UN uncovers 17 new mass graves in Congo
Africa | The human rights agency has called on the country’s government to investigate
by Onize Ohikere
Posted 4/20/17, 10:55 am
The United Nations on Wednesday said its investigators have found 17 new mass graves in the Democratic Republic of Congo’s Central Kasai province, where clashes between security officials and a local militia have persisted.
The latest discovery brings to 40 the total number of mass graves uncovered in the region since August, and the UN has threatened to involve the International Criminal Court if the government fails to act to stop the region’s violence.
The UN human rights agency said its investigators found 15 of the mass graves in a cemetery and two others in another area of the province. The casualties followed clashes between Congolese soldiers and a militia group in the region that killed 74 people, including 30 children. Investigators said they learned soldiers dug the graves following the fighting.
In another incident last month, soldiers killed at least 40 people, including 11 children, in the Central Kasai province capital, Kananga. The UN said the soldiers buried some of the bodies in mass graves in the town’s cemetery.
UN human rights chief Zeid Ra’ad Al Hussein said the scale of violence in the region highlights the need for more government monitoring and called for a transparent investigation, which he said is lacking.
“Should there be no effective national investigation, I will not hesitate to urge the international community to support an investigation by an international mechanism, including the International Criminal Court,” Al Hussein said.
Fighting between security officials and the Kaumina Nsapu militia increased after soldiers killed the group’s leader in August. The militia has murdered hundreds of civilians, recruited child soldiers, and attacked schools and churches.

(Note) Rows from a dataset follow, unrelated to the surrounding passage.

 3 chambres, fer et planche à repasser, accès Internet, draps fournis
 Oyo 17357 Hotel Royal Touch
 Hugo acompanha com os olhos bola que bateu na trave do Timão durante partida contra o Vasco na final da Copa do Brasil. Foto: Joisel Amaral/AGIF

Rebel groups last month killed an American and Swedish investigator who worked with the UN, along with their interpreter.
Congolese government spokesman Lambert Mende said the UN should pass on its evidence and the country’s justice system would begin its own investigations.

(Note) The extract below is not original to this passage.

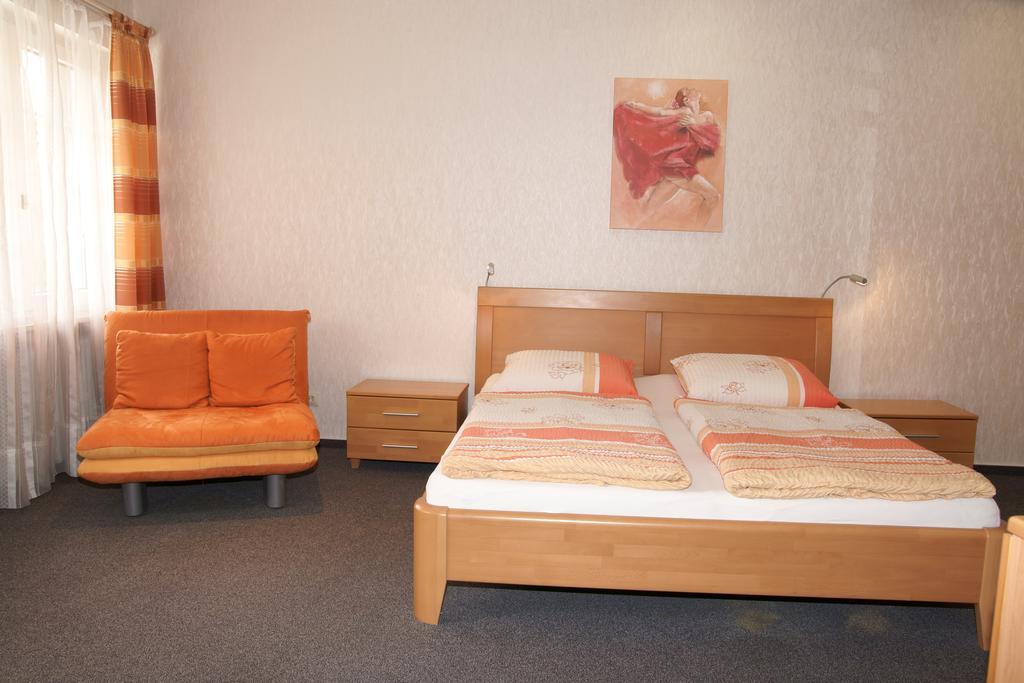 Alte Winzerschenke Bruttig-Fankel Exterior foto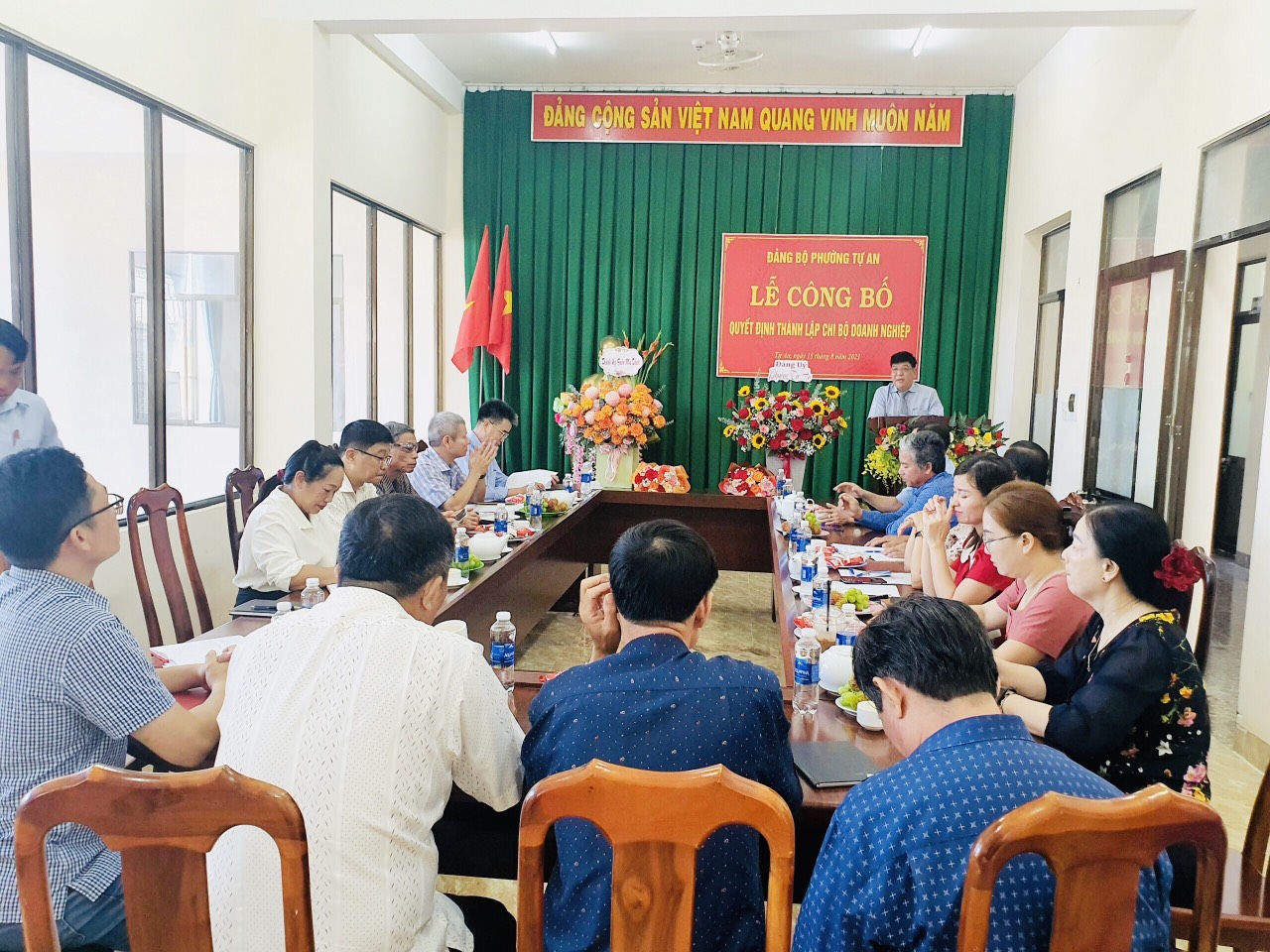 Toàn cảnh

“Congo is not under the guardianship of the United Nations,” Mende said. “We ask that they work with the military justice system which is already in place.”

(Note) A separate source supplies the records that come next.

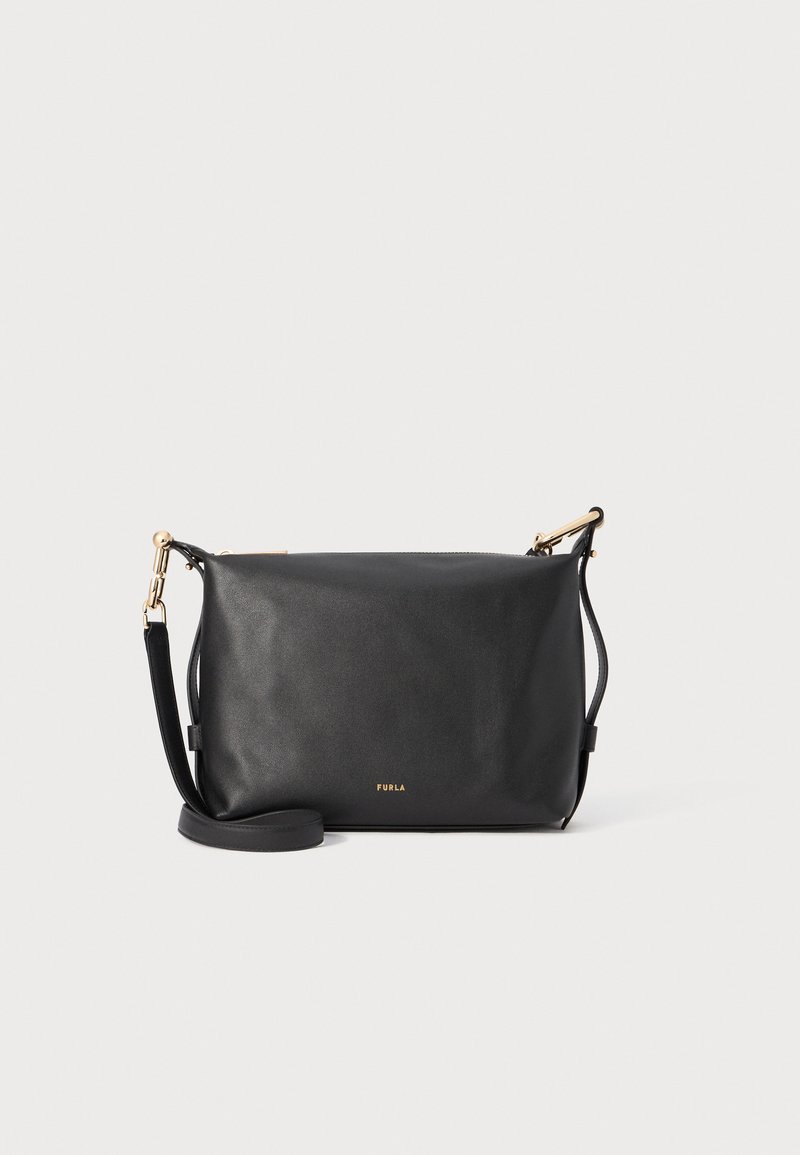 Sac bandoulière en cuir noir avec quincaillerie dorée, forme rectangulaire, bandoulière ajustable et logo embossé à l'avant. Texture lisse.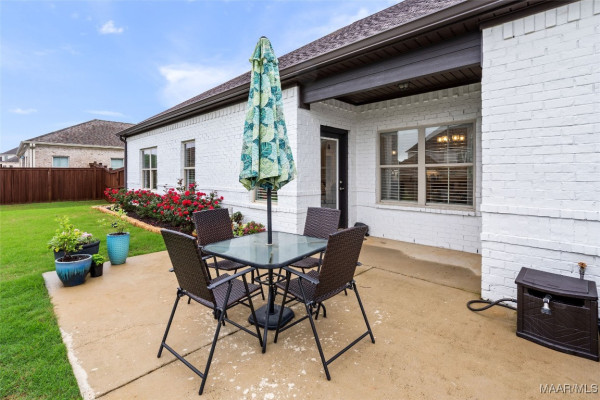 1247 Charleston Drive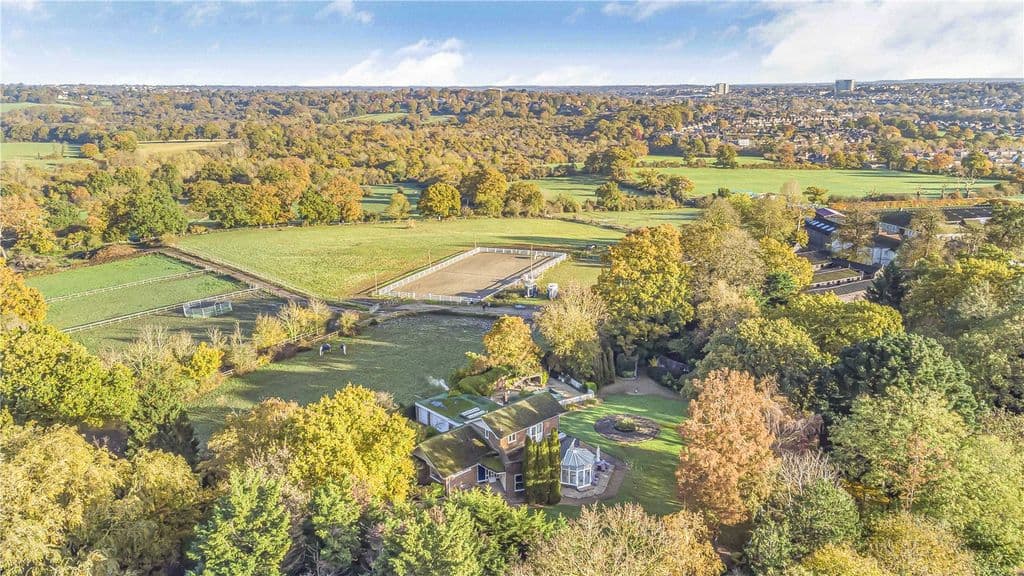 Partingdale Lane, Mill Hill, London NW7 - Image 1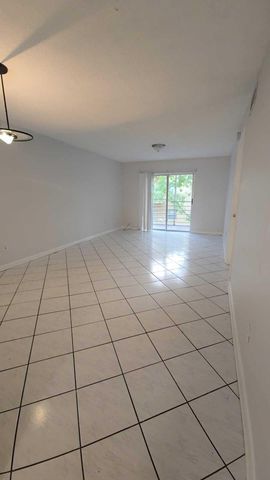 4111 Stirling Road 406, Dania Beach, FL 33314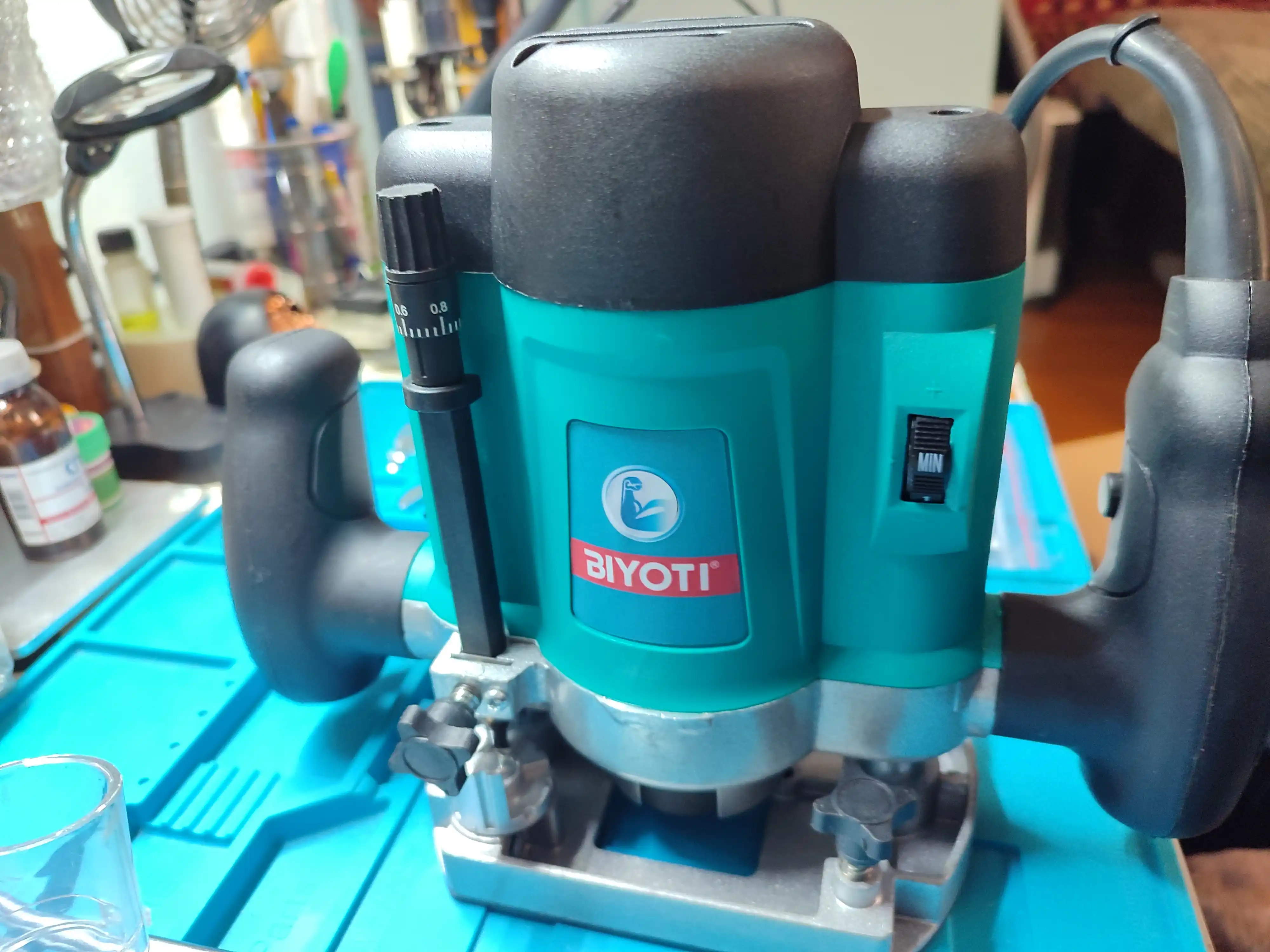 Elektr vertikal frezer Biyoti BYT-ER390 (1200 Vt, senga 8 mm, chuqurligi 60 mm)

But Nelson Alusala, a researcher with the South Africa-based Institute for Security Studies, said an international investigation into the mass graves would be more productive since Congolese officials lack the capacity and independence to handle the case. Congo previously denied its soldiers used excessive force against militia members and civilians.
“The government is relatively weak in terms of handling conflict,” Alusala said. “Its own military is suspect, and that’s a state apparatus.”